Millie was sitting on the sofa swathed in a sleeping bag, despite the heat outside. She was watching the television and smoking a cigarette.

‘You phoned us, Mr Murdock.’

‘Aye, well, it’s about Billy.’ Murdock began to pad around the room. ‘See, the description in the paper and on the telly, well . . . I didn’t think about it at the time, but as Millie says, it’s not like Billy to stay away so long. Like I say, he’s organised. Usually he’d phone or something, just to let us know.’

‘When did you last see him?’

Murdock looked to Millie. ‘When was it, Thursday night?’

‘I saw him Friday morning.’

‘So you did.’

Rebus turned to Millie. She had short fair hair, dark at the roots, and dark eyebrows. Her face was long and plain, her chin highlighted by a protruding mole. Rebus reckoned she was a few years older than Murdock. ‘Did he say where he was going?’

‘He didn’t say anything. There’s not a lot of conversation in this flat at that hour.’

‘What hour?’

She flicked ash into the ashtray which was balanced on her sleeping bag. It was a nervous habit, the cigarette being tapped even when there was no ash for it to surrender. ‘Seven thirty, quarter to eight,’ she said.

‘Where does he work?’

‘He doesn’t,’ said Murdock, resting his hand on the mantelpiece. ‘He used to work in the Post Office, but they laid him off a few months back. He’s on the dole now, along with half of Scotland.’

‘And what do you do, Mr Murdock?’

‘I’m a computer consultant.’

Sure enough, some of the living room’s clutter was made up of keyboards and disk drives, some of them dismantled, piled on top of each other. There were piles of fat magazines too, and books, hefty operating manuals.

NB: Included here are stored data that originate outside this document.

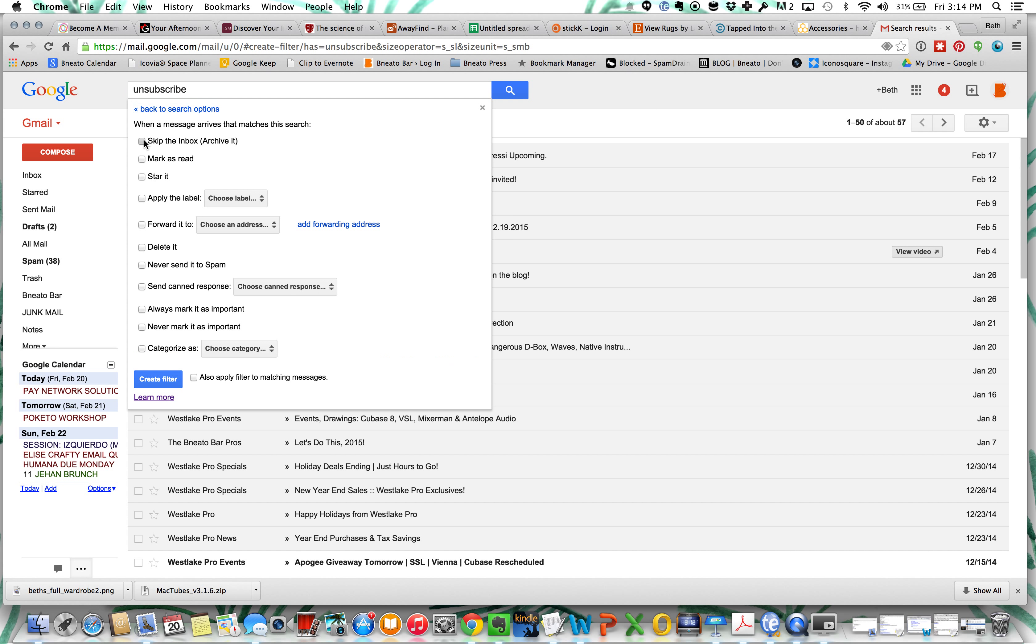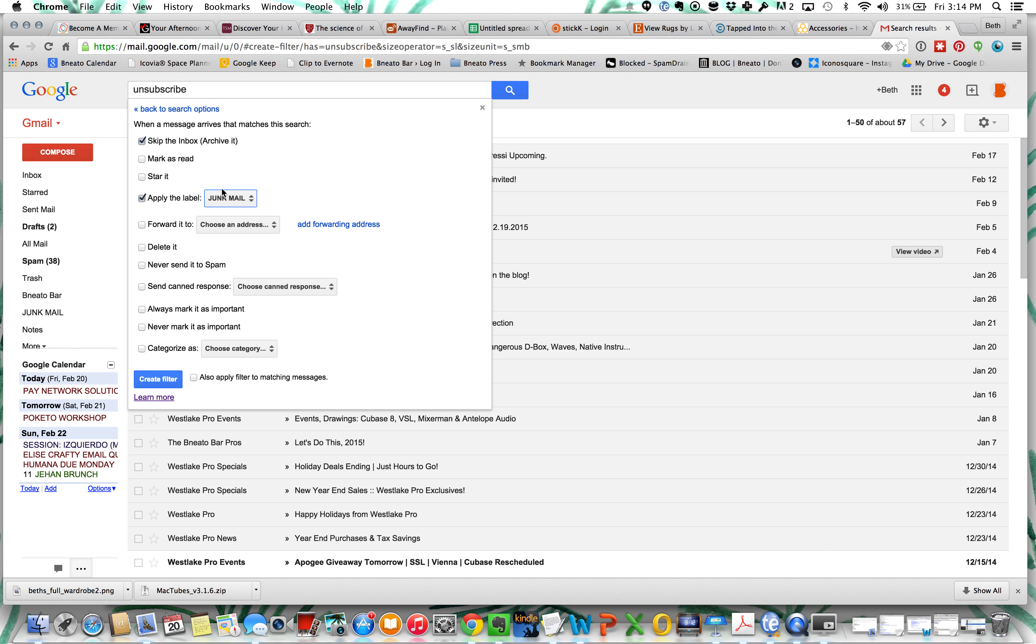We're going to skip the inbox. We could do a bunch of different things, but here we're going to skip the inbox and we are going to apply the label junk mail. I do that so I can just check in with junk mail and see all of that stuff at once instead of it going just into archive.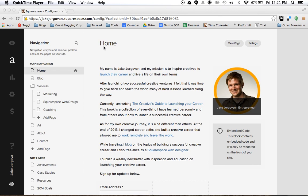Hello and welcome to Squarespace Tutorials with Jake Jorgovan. Today I'm going to be showing you how to create a blog post on your Squarespace site, but I'm not just going to be showing you how to create a blog post, I'm going to be showing you how to create a blog post the right way.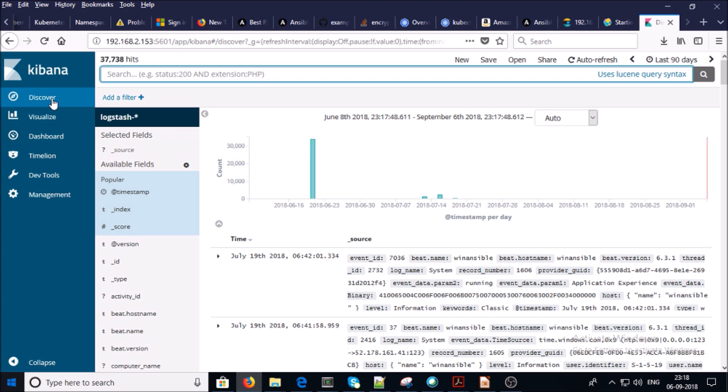I am not going to discover all the features in this video. I am going to upload another video for the Kibana dashboard specifically. For this video, that's all. Thanks for watching. Have a nice day.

‘Did either of you know Billy before he moved in?’

‘I did,’ said Millie. ‘A friend of a friend, casual acquaintance sort of thing. I knew he was looking for a room, and there was a room going spare here, so I suggested him to Murdock.’ She changed channels on the TV. She was watching with the sound turned off, watching through a squint of cigarette smoke.

‘Can we see Billy’s room?’

‘Why not?’ said Murdock. He’d been glancing nervously towards Millie all the time she’d been talking. He seemed relieved to be in movement. He took them back into where the narrow entrance hall became a wider rectangle, off which were three doors. One was a cupboard, one the kitchen. Back along the narrow hall they’d passed the bathroom on one side and Murdock’s bedroom on the other. Which left just this last door.

It led them into a very small, very tidy bedroom. The room itself would be no more than ten feet by eight, yet it managed to contain single bed, wardrobe, a chest of drawers and a writing desk and chair. A hi-fi unit, including speakers, sat atop the chest of drawers. The bed had been made, and there was nothing left lying around.

‘You haven’t tidied up, have you?’

Murdock shook his head. ‘Billy was always tidying. You should see the kitchen.’

‘Do you have a photograph of Billy?’ Rebus asked.

‘I might have some from one of our parties. You want to look at them?’

‘Just the best one will do.’

‘I’ll fetch it then.’

‘Thank you.’ When Murdock had gone, Siobhan squeezed into the room beside Rebus. Until then, she’d been forced to stay just outside the door.

‘Initial thoughts?’ Rebus asked.

‘Neurotically tidy,’ she said, the comment of one whose own flat looked like a cross between a pizza franchise and a bottle bank.

But Rebus was studying the walls. There was a Hearts pennant above the bed, and a Union Jack flag on which the Red Hand of Ulster was centrally prominent, with above it the words ‘No Surrender’ and below it the letters FTP. Even Siobhan Clarke knew what those stood for.

‘Fuck the Pope,’ she murmured.

Murdock was back. He didn’t attempt to squeeze into the narrow aisle between bed and wardrobe, but stood in the doorway and handed the photo to Siobhan Clarke, who handed it to Rebus. It showed a young man smiling manically for the camera. Behind him you could see a can of beer held high, as though someone were about to pour it over his head.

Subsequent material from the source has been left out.